Record excerpts Start Marker
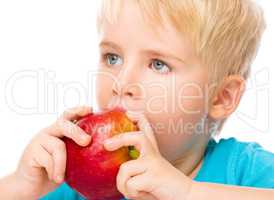 Portrait of a cute little boy with red apple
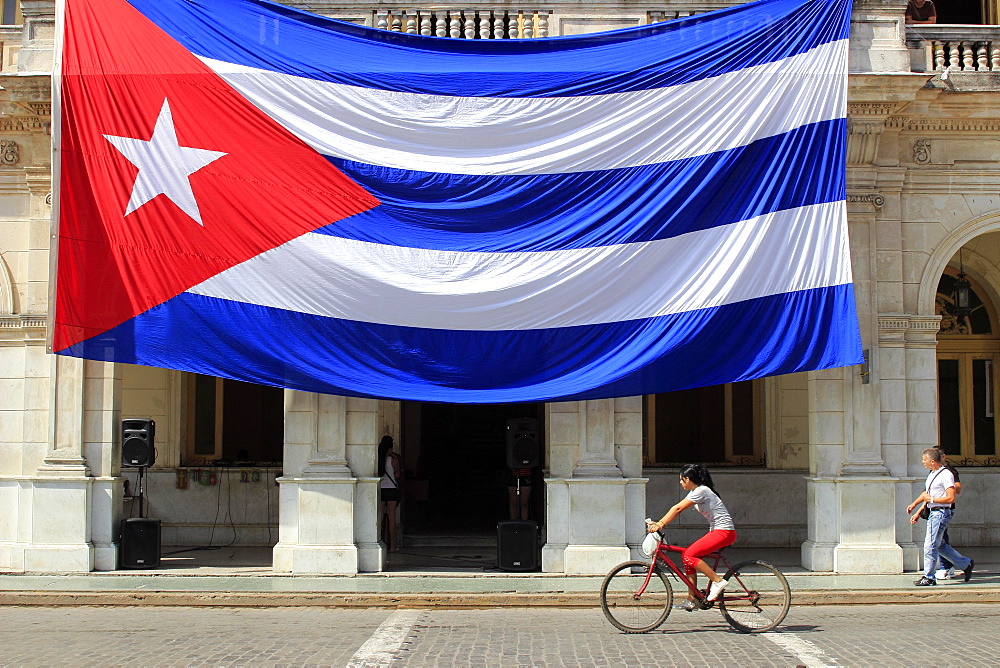 Large Cuban flag, hangs from building, Santa Clara, Cuba, Central America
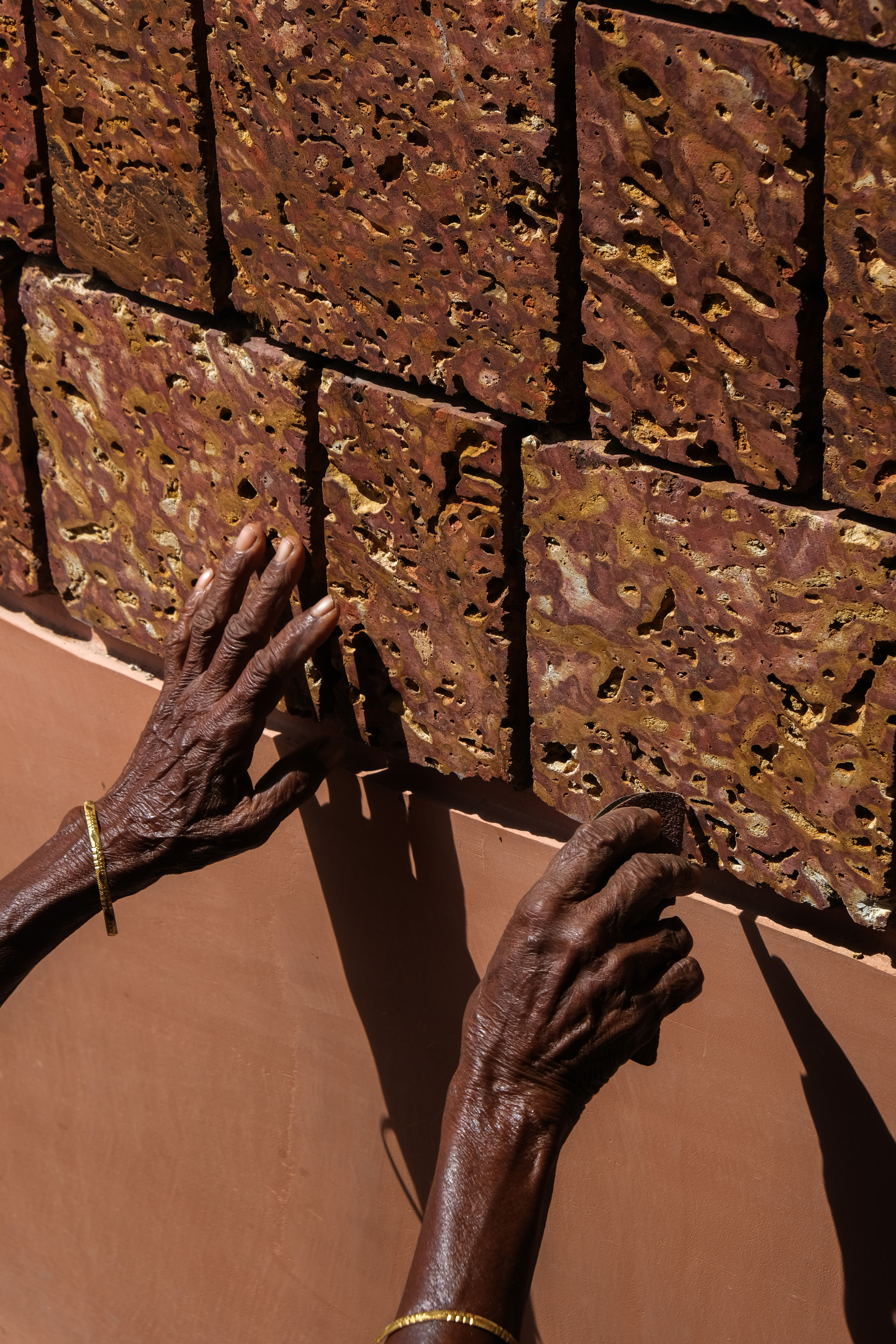 Close-up of hands touching textured laterite brick wall showing irregular surface and deep mortar joints in sunlight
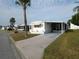 Well-kept mobile home with a long driveway, carport, and landscaped yard providing convenient parking and outdoor space at 5119 Glen Echo Ave, Sarasota, FL 34234
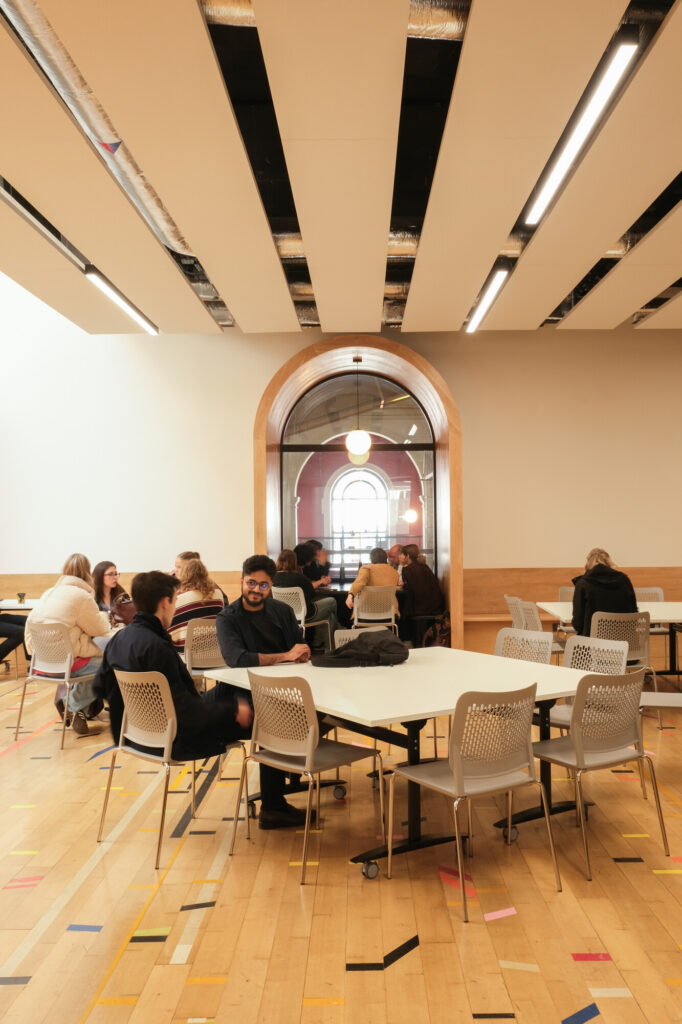 A group of people sit and talk around tables in a spacious, modern room with wooden floors, white walls, and a large arched window in the background letting in light.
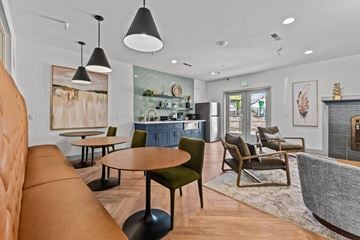 Boise apartment for rent - A modern living room with a brown leather sofa and a green chair.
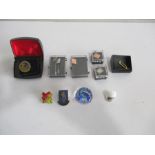 A collection of lapel/badges including two in hallmarked silver, along with a glass paperweight,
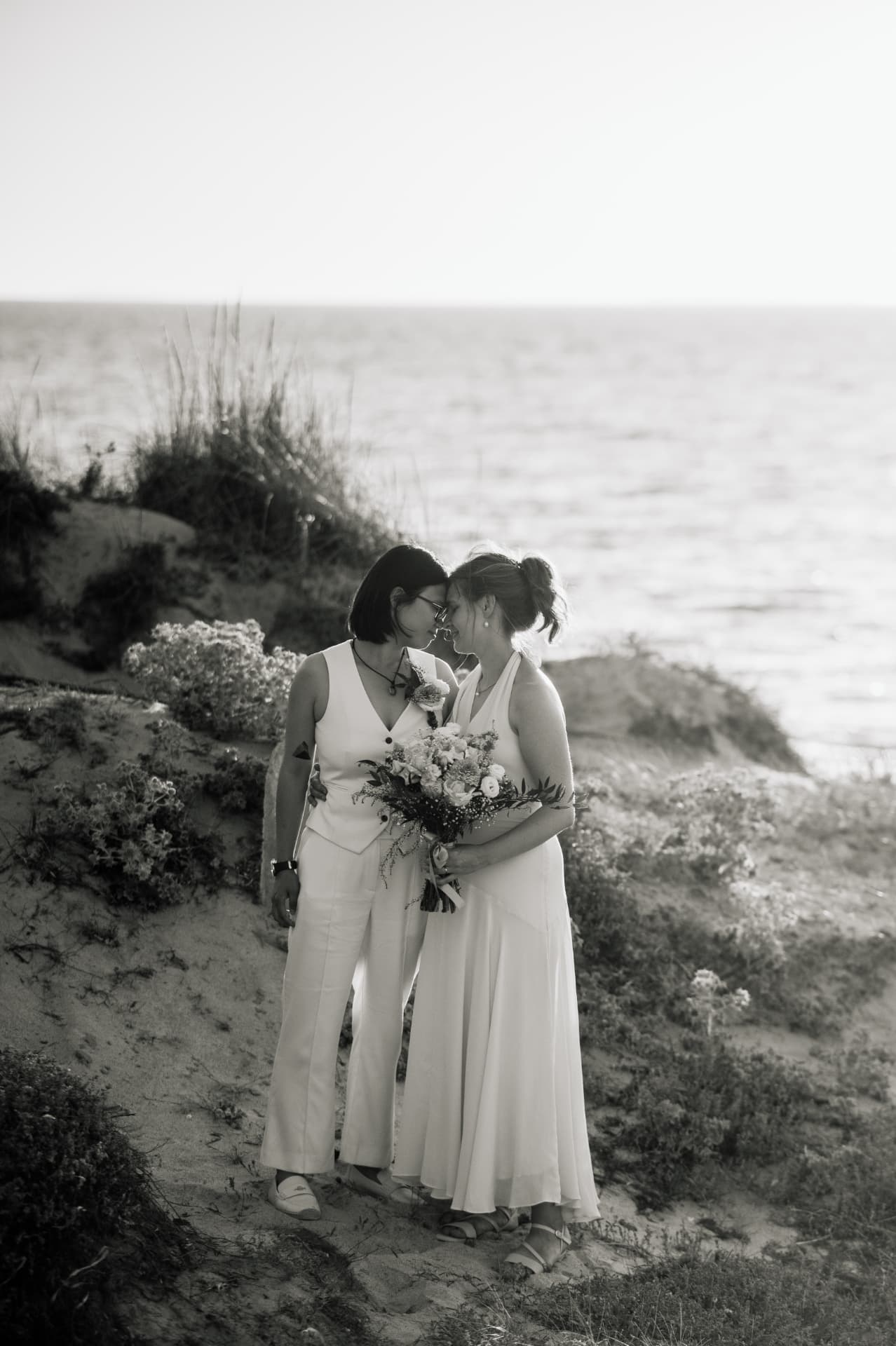 Two brides forehead to forehead by the sea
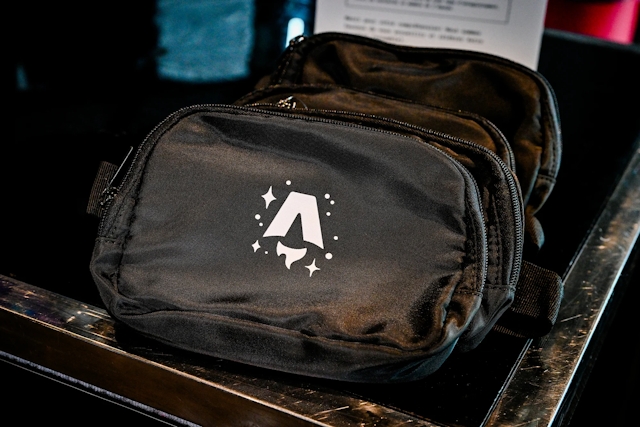 A black belt bag branded with the Astro Together logo in white.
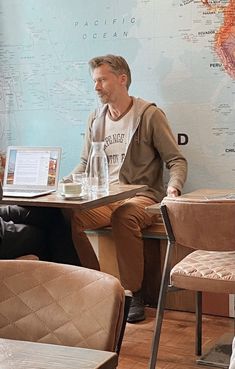 two men sitting at a table in front of a map on the wall behind them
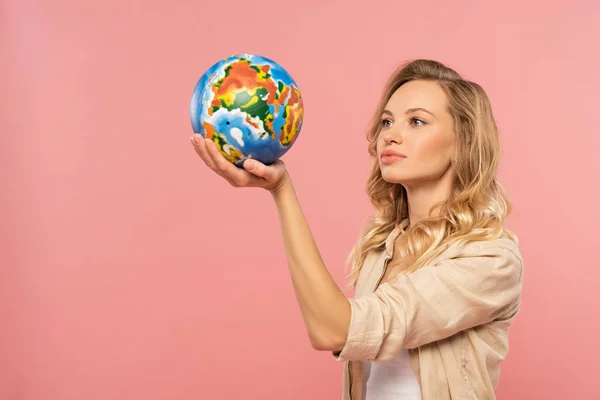 Blonde woman holding globe in hand isolated on pink — Stock Photo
Record excerpts End Marker
▸ What needs to be done: Exactly the lines from the one with "Close-up of hands" through the end of the records are to be repeated, both ends included, and pictures are to be omitted.

▸ Answer to this problem:
 Close-up of hands touching textured laterite brick wall showing irregular surface and deep mortar joints in sunlight
 Well-kept mobile home with a long driveway, carport, and landscaped yard providing convenient parking and outdoor space at 5119 Glen Echo Ave, Sarasota, FL 34234
 A group of people sit and talk around tables in a spacious, modern room with wooden floors, white walls, and a large arched window in the background letting in light.
 Boise apartment for rent - A modern living room with a brown leather sofa and a green chair.
 A collection of lapel/badges including two in hallmarked silver, along with a glass paperweight,
 Two brides forehead to forehead by the sea
 A black belt bag branded with the Astro Together logo in white.
 two men sitting at a table in front of a map on the wall behind them
 Blonde woman holding globe in hand isolated on pink — Stock Photo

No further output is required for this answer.